A corrente de comércio, que soma todas as transações, atingiu US$ 61,17 bilhões no período. Esse montante traduz-se em uma alta de 6,8% frente a julho de 2025.
Vale destacar que tanto os embarques ao exterior quanto as aquisições de fora registraram alta em relação ao ano anterior, com variações de 6,2% e 7,6%, respectivamente.
Produtos mais comercializados
No setor exportador, o Mdic apontou avanço de 9,3% na agropecuária. O principal motor foi a soja, que somou cerca de US$ 870 milhões adicionais.
A indústria extrativa também cresceu, puxada pelas negociações de óleo bruto de petróleo, que subiram US$ 960 milhões.

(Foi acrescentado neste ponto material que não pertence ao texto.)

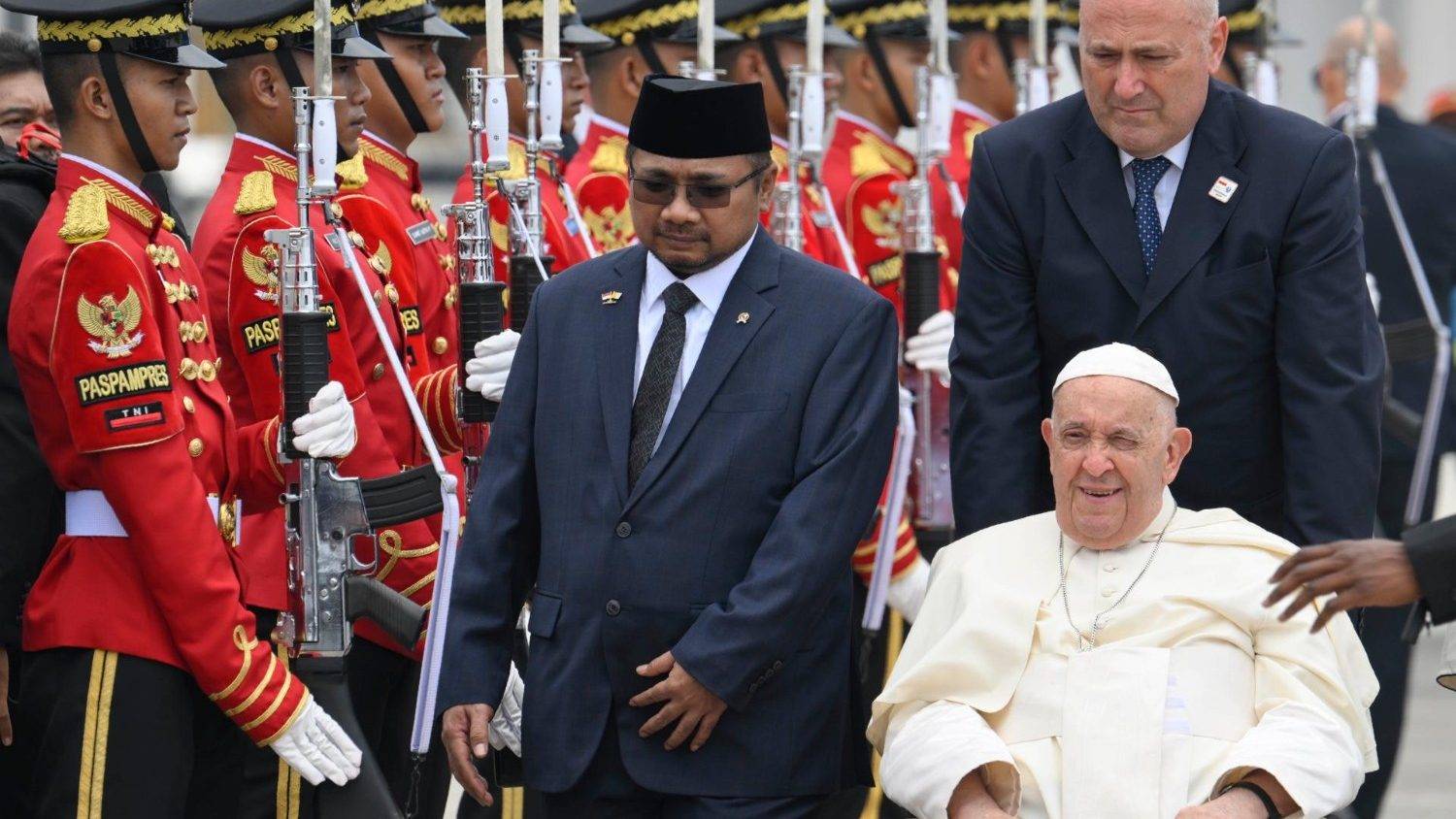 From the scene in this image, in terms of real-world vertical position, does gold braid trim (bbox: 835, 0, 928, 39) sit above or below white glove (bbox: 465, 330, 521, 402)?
above

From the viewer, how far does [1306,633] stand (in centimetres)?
453

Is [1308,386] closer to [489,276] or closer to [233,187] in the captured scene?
[489,276]

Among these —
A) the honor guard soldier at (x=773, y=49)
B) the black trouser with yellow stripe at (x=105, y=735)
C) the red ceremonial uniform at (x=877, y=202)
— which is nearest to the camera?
the black trouser with yellow stripe at (x=105, y=735)

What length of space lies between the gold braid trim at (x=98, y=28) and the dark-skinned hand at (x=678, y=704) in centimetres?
164

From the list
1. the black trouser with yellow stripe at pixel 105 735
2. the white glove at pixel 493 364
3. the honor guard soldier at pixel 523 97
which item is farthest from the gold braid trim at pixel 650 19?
the black trouser with yellow stripe at pixel 105 735

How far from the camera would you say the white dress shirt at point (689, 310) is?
15.5 feet

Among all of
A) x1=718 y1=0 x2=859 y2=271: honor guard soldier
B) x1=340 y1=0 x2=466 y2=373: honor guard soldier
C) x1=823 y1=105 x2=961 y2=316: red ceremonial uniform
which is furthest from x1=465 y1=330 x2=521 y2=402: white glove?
x1=823 y1=105 x2=961 y2=316: red ceremonial uniform

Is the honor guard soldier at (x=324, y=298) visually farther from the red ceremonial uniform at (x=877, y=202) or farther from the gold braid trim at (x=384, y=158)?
the red ceremonial uniform at (x=877, y=202)

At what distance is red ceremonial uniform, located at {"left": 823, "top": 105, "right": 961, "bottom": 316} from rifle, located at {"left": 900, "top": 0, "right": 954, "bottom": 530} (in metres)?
0.17

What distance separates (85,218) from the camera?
493 centimetres

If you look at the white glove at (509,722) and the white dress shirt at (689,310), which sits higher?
the white dress shirt at (689,310)

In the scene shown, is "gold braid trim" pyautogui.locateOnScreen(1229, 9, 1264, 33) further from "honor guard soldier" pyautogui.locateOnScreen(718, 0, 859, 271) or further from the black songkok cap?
the black songkok cap

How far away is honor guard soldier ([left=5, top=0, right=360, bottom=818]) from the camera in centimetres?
491

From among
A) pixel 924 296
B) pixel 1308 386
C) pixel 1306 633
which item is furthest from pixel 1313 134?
pixel 924 296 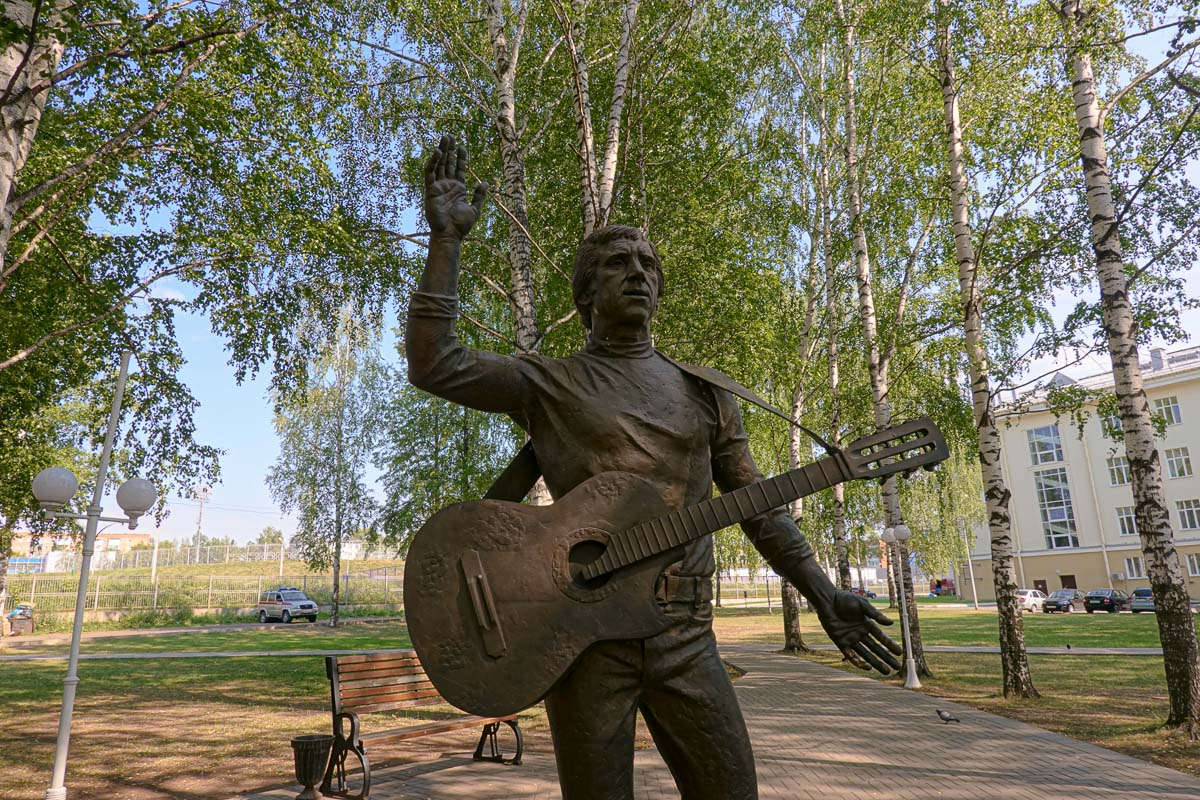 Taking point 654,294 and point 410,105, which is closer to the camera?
point 654,294

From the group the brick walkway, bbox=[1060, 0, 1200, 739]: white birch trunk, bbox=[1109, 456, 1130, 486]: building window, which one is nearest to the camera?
the brick walkway

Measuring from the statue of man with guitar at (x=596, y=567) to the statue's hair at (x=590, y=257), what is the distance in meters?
0.15

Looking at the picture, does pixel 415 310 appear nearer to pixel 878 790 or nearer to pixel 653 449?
pixel 653 449

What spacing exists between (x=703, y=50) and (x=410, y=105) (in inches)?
211

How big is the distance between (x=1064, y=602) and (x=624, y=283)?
1541 inches

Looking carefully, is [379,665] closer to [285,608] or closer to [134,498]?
[134,498]

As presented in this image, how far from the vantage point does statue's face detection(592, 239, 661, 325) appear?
7.68 feet

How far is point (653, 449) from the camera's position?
2.23 metres

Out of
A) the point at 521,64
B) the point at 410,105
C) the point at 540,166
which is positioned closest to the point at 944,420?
the point at 540,166

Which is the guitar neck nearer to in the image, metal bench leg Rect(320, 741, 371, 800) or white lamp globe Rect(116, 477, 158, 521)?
metal bench leg Rect(320, 741, 371, 800)

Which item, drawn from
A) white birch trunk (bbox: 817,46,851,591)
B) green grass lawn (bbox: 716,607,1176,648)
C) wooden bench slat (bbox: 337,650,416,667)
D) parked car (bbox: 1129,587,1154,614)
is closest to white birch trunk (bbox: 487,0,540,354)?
wooden bench slat (bbox: 337,650,416,667)

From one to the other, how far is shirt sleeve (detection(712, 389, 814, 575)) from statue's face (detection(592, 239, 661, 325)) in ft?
1.26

Na indústria de transformação, os óleos combustíveis se destacaram com acréscimo de US$ 960 milhões. O salto percentual nas vendas externas desse combustível superou 63%.
Do lado das importações, o mês de julho teve como destaque as compras de óleos combustíveis de petróleo, registrando alta de US$ 500 milhões.
Outros itens fundamentais foram máquinas de processamento automático de dados (+US$ 320 milhões) e medicamentos e produtos farmacêuticos, exceto veterinários (+US$ 320 milhões).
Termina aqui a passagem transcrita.